Could you output every record below exactly, leaving out the pictures?

(Beginning of RECORDS FOR THE EXERCISE)

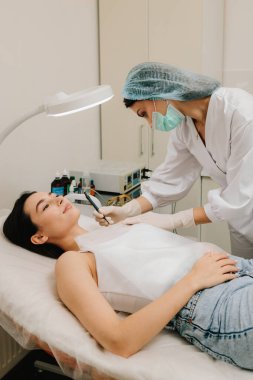 Cildiyeciler radyoaktif gerilim ameliyatı kullanarak kesin bir radyo dalgası temizliği yapıyorlar. Radyo dalgası dermatolojik mol kesimine yakın çekim. Klinik koşullar altında radyoaktivite köstebeği temizleme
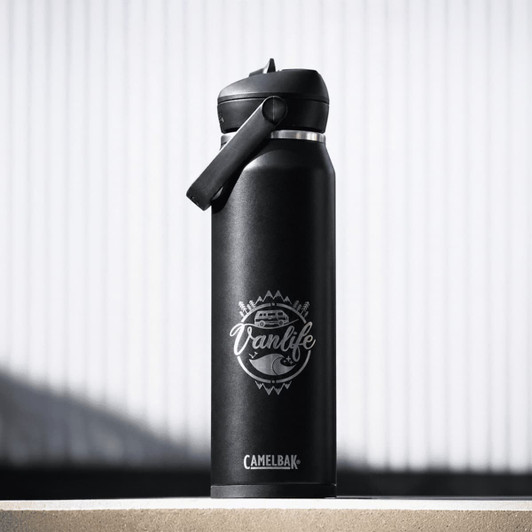 A drink bottle in matte black with a flip straw lid and a logo featuring a vanlife theme.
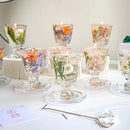 Set of floral candle holders with candles on a white surface.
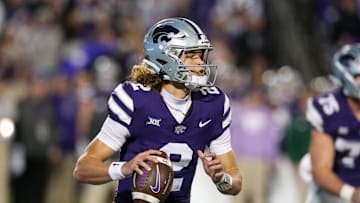 Oct 26, 2024; Manhattan, Kansas, USA; Kansas State Wildcats quarterback Avery Johnson (2) drops back to pass during the third quarter against the Kansas Jayhawks at Bill Snyder Family Football Stadium. Mandatory Credit: Scott Sewell-Imagn Images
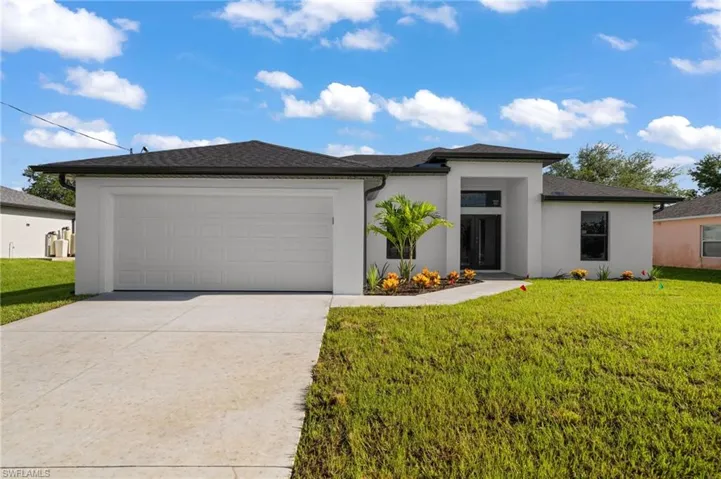 View of front facade featuring a garage and a front yard
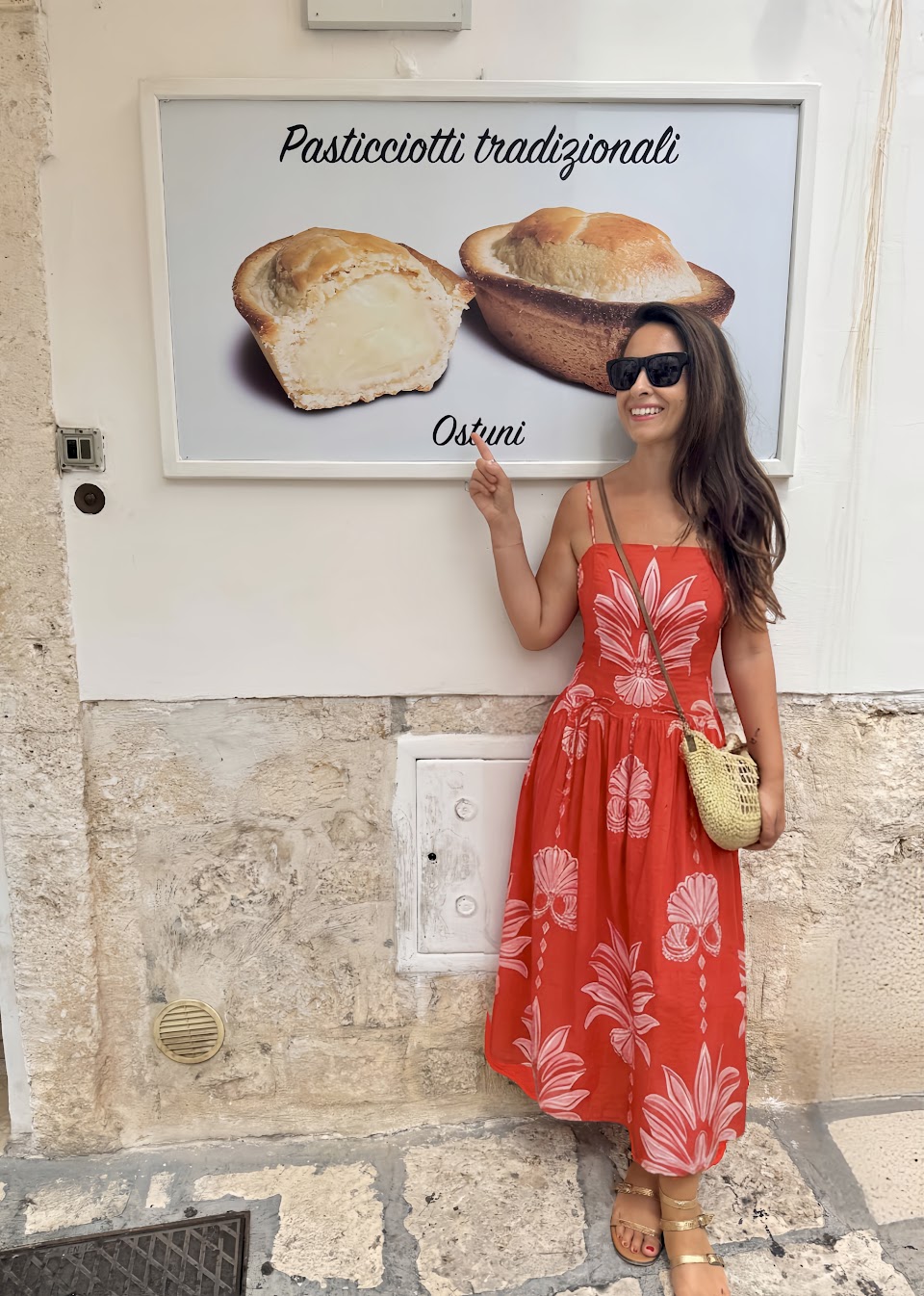 Vera Fritsch in Ostuni, Italy, pointing at the pasticciotto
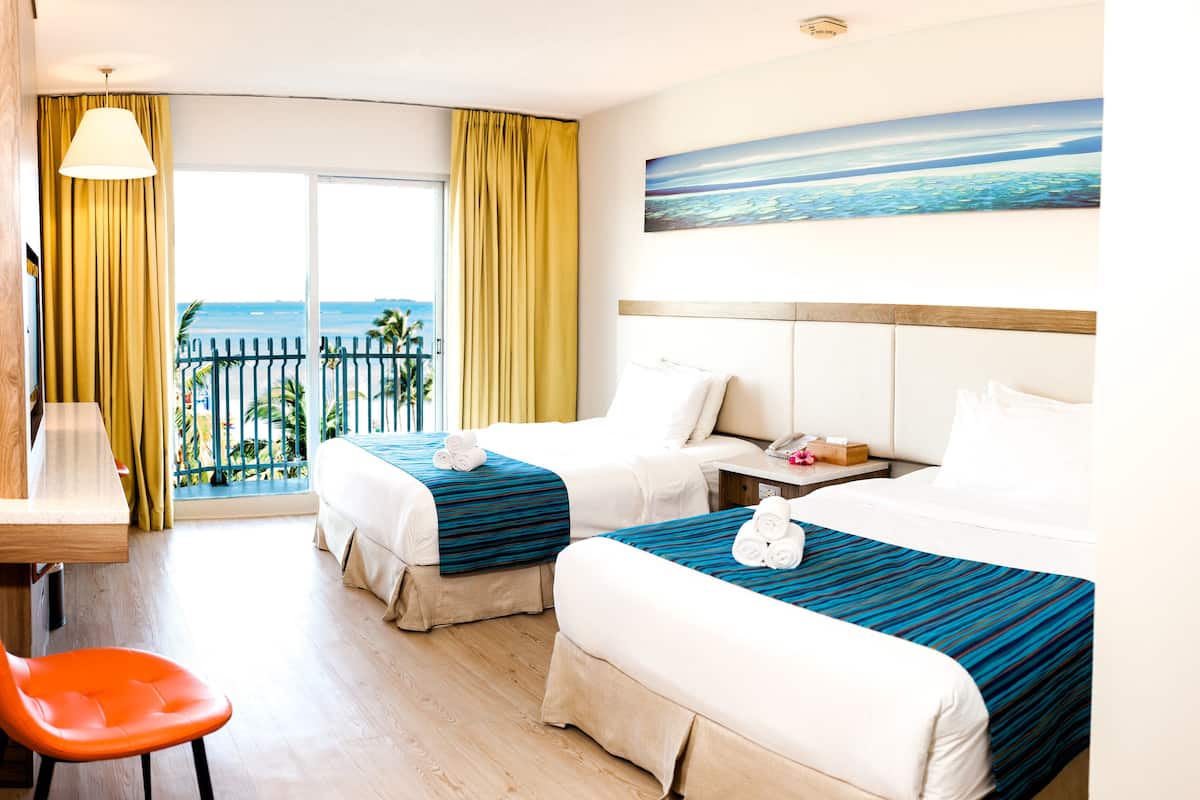 A hotel room with two beds, a desk, and a chair. There is a view of the ocean through the window.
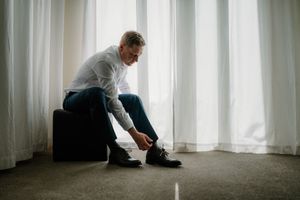 Man in white shirt and jeans sitting on ottoman tying black dress shoes near white curtains.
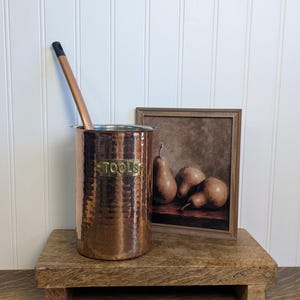 May include: A cylindrical copper container with a hammered texture and a brass plaque embossed with the word TOOLS. A long, thin copper-colored utensil with a black handle rests inside. A small framed painting of three pears sits nearby.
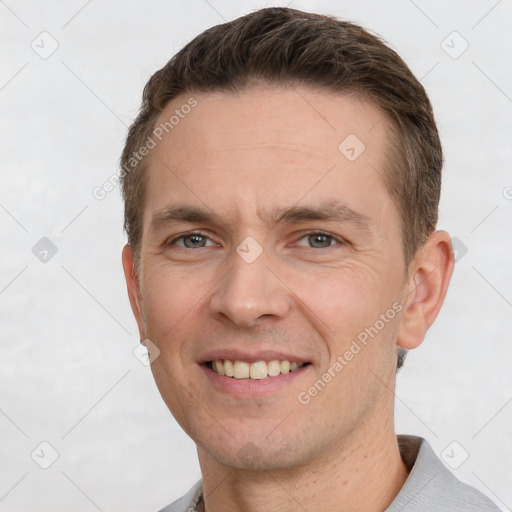 Joyful white young-adult male with short  brown hair and grey eyes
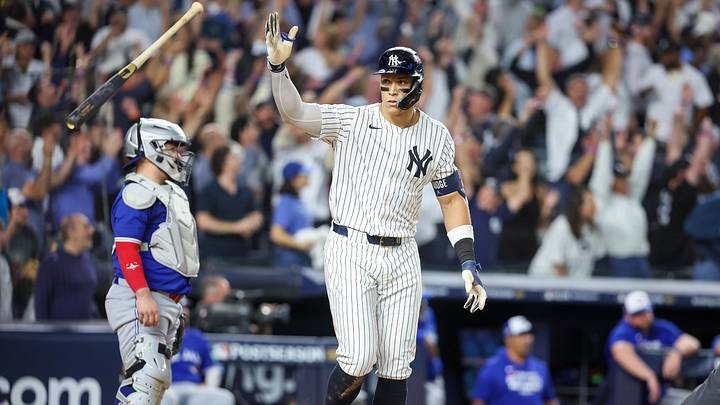 Oct 7, 2025; Bronx, New York, USA; New York Yankees outfielder Aaron Judge (99) flips his bat after hitting a three-run home run in the fourth inning against the Toronto Blue Jays during game three of the ALDS round for the 2025 MLB playoffs at Yankee Stadium. Mandatory Credit: Wendell Cruz-Imagn Images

(End of RECORDS FOR THE EXERCISE)

RESPONSE:
 Cildiyeciler radyoaktif gerilim ameliyatı kullanarak kesin bir radyo dalgası temizliği yapıyorlar. Radyo dalgası dermatolojik mol kesimine yakın çekim. Klinik koşullar altında radyoaktivite köstebeği temizleme
 A drink bottle in matte black with a flip straw lid and a logo featuring a vanlife theme.
 Set of floral candle holders with candles on a white surface.
 Oct 26, 2024; Manhattan, Kansas, USA; Kansas State Wildcats quarterback Avery Johnson (2) drops back to pass during the third quarter against the Kansas Jayhawks at Bill Snyder Family Football Stadium. Mandatory Credit: Scott Sewell-Imagn Images
 View of front facade featuring a garage and a front yard
 Vera Fritsch in Ostuni, Italy, pointing at the pasticciotto
 A hotel room with two beds, a desk, and a chair. There is a view of the ocean through the window.
 Man in white shirt and jeans sitting on ottoman tying black dress shoes near white curtains.
 May include: A cylindrical copper container with a hammered texture and a brass plaque embossed with the word TOOLS. A long, thin copper-colored utensil with a black handle rests inside. A small framed painting of three pears sits nearby.
 Joyful white young-adult male with short  brown hair and grey eyes
 Oct 7, 2025; Bronx, New York, USA; New York Yankees outfielder Aaron Judge (99) flips his bat after hitting a three-run home run in the fourth inning against the Toronto Blue Jays during game three of the ALDS round for the 2025 MLB playoffs at Yankee Stadium. Mandatory Credit: Wendell Cruz-Imagn Images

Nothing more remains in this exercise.